Many factors lead to the development and progression of sarcopenia including advanced age, bedridden state, sedentary lifestyle, insulin resistance, advanced organ failure (heart, lung, liver, or kidney), inflammatory diseases, malignancies, malabsorption, and drugs side effects (14-16). The most important risk factors for the developing sarcopenia are advanced age and female sex (17-19). In the present study, patients experienced sarcopenia at younger age than those reported earlier. In addition, no association was observed between sarcopenia and sex. The aging process itself modifies the musculature via increased catabolic and decreased anabolic stimuli. Age-related hormonal changes, growth hormone, and insulin-like growth factor 1, and increased insulin resistance, together with changes in neural input are associated with decreased muscle mass. Moreover, in aging muscles, the development of sarcopenia is related to increased levels of the proinflammatory cytokines, i.e. tumor necrosis factor α and interleukin 6, and the development of mitochondrial dysfunction (14, 20, 21). In clinical practice, sarcopenia is diagnosed via HGS as a measure of muscular strength. According to the studies of patients on peritoneal dialysis and hemodialysis, HGS measurement is a good marker of nutritional status and a predictor of mortality (22, 23). In a study on patients with CKD that had not undergone dialysis, patients with lower HGS measurements progressed more rapidly to end-stage renal disease (ESRD) than others (24). In addition, HGS measurement was a better prognostic marker of renal failure than albumin (25).

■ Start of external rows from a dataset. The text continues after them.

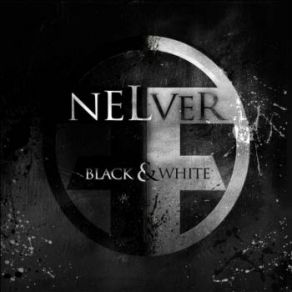 Download track Black & White (Original Mix) Nelver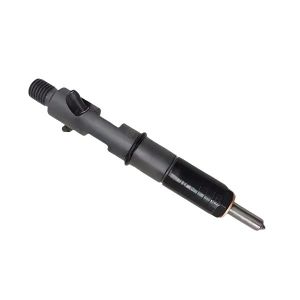 Buy cheap CAT C4.4 Injector 2361674 236-1674 315-3381 For Caterpillar Engine Parts product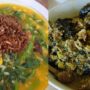 Tinutuan dan Paniki Masuk Kategori Makanan Terburuk di Dunia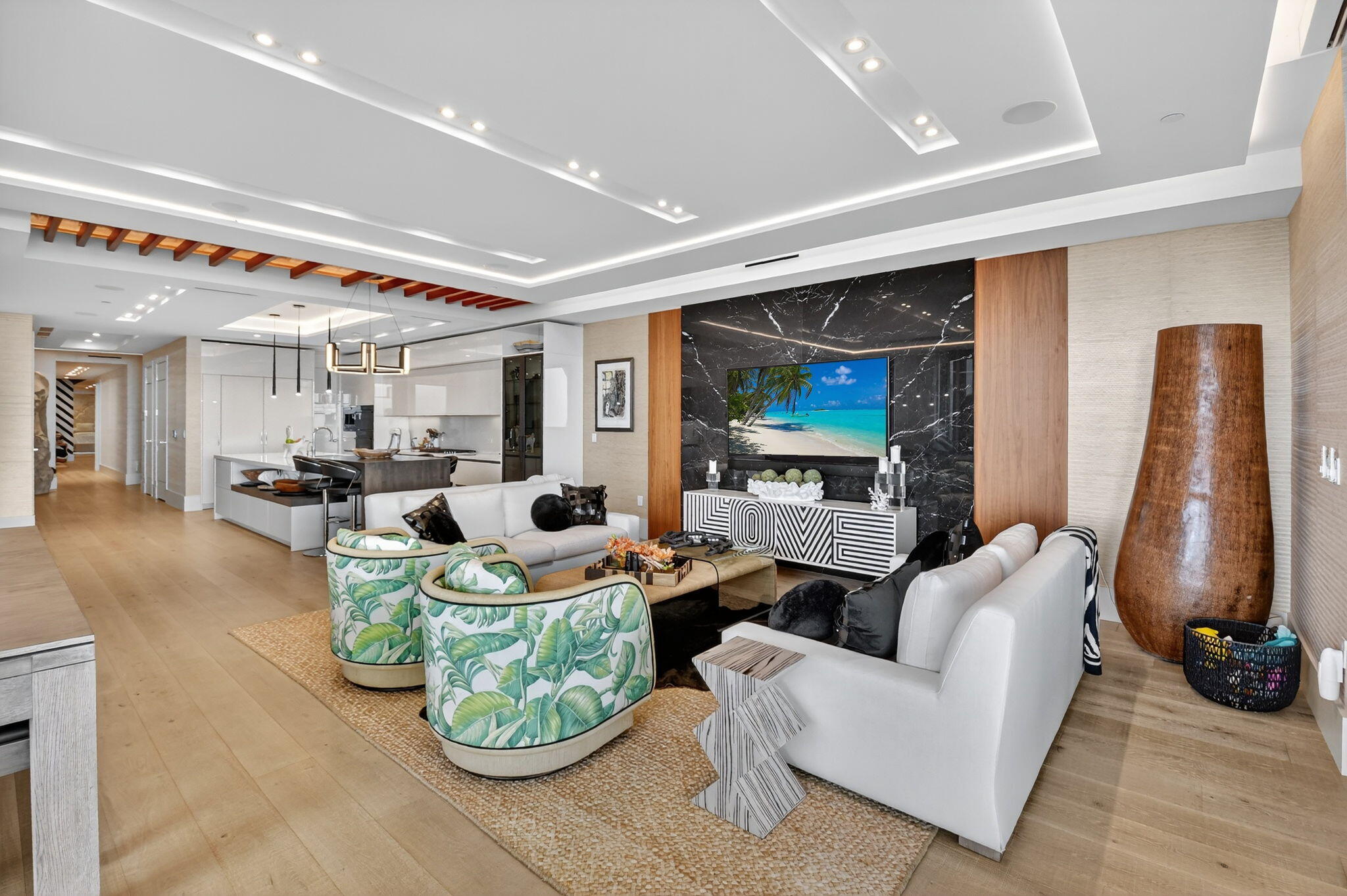 1901 S Ocean Boulevard 18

Sarcopenia rarely develops in the early stage of CKD (3). A loss of muscular strength begins in the predialysis period, progresses along with the loss in kidney function, and increases morbidity (4). Patients who loss muscle strength have an increased risk of falling and fractures (26, 27). Additionally, the loss of muscle mass is more severe than expected in younger patients with CKD (4).

Many chronic conditions or diseases including end-stage organ failure, diabetes mellitus, cognitive impairment, and mood disorders are associated with chronic loss of muscle mass and strength. It has been proposed that an important factor associated with the development of sarcopenia is chronic inflammation. Moreover, the mechanism of sarcopenia development in CKD might be associated with the developing inflammatory process. Factors associated with kidney disease include nutritional deficiency, acidosis, vitamin D deficiency, calcium-phosphate metabolism disturbance, insulin resistance, diabetic nephropathy, and proteinuria. Chronic inflammation can cause a reduction in muscle mass, particularly in patients with ESRD (4). In the present study, there were no differences between the patients with and without sarcopenia regarding GFR, total protein, albumin, calcium, proteinuria, or the diabetes mellitus.

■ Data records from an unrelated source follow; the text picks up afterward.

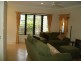 16 Etty Street, Kewarra Beach QLD 4879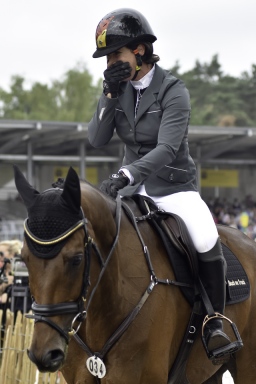 luhmuehlen-2017_springen-cic3-044-jpg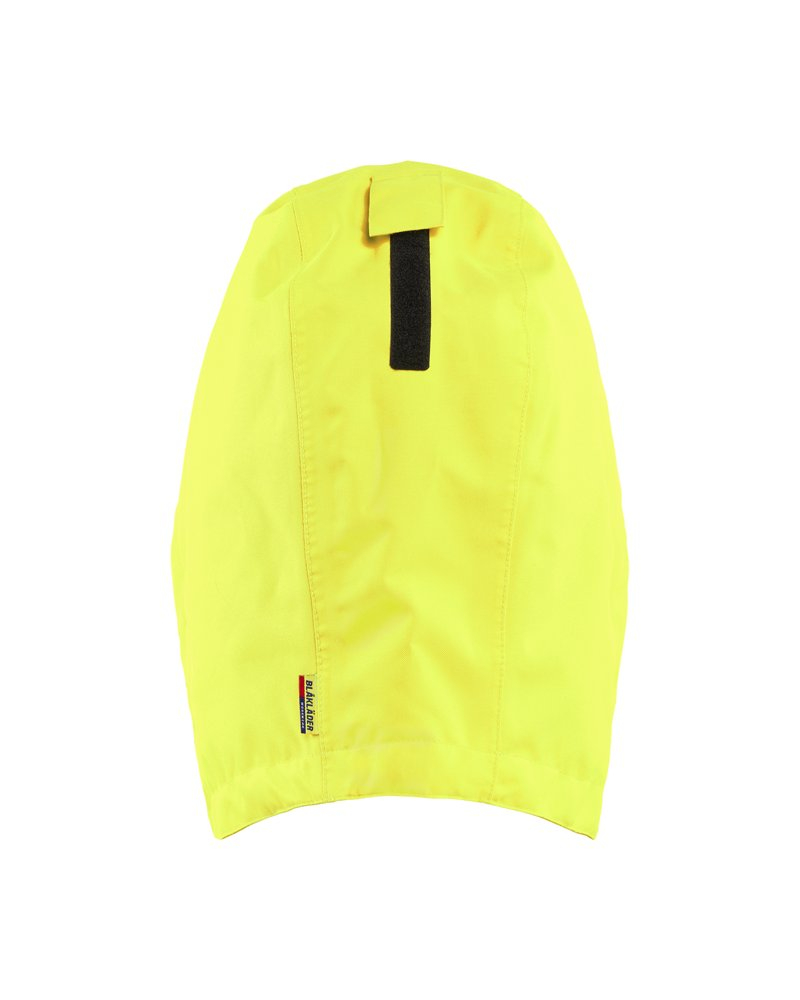 Product-img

Muscle is a target organ for vitamin D. When vitamin D binds to the vitamin D receptor in skeletal muscle, muscular protein synthesis and calcium influx from cellular membranes increase. A low vitamin D level is associated with atrophy, particularly in type 2 muscle fibers, and sarcopenia (28). Although it has been demonstrated in some studies that vitamin D replacement improves muscular strength, decreases the incidence of falls, and prevents fractures, there is a lack of consensus in the literature regarding the association between the vitamin D level and muscle mass or strength (29, 30). In the present study, there was a significant positive correlation between the vitamin D level and HGS. Although univariate analysis showed that the vitamin D level was lower in patients with sarcopenia, this difference was not seen in multivariate analysis and only age was associated with sarcopenia.

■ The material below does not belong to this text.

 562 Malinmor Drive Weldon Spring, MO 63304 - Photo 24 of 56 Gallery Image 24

The main limitation of this study was its cross-sectional design. Future prospective studies comparing sarcopenia status before and after renal transplantation are needed to better define the effect of transplantation on development of sarcopenia.

In conclusion, sarcopenia causes mobility disorders, falls, disability, poor quality of life, and even death. The present findings showed that CKD contributes to sarcopenia and sarcopenia may develop at an earlier age in RTR.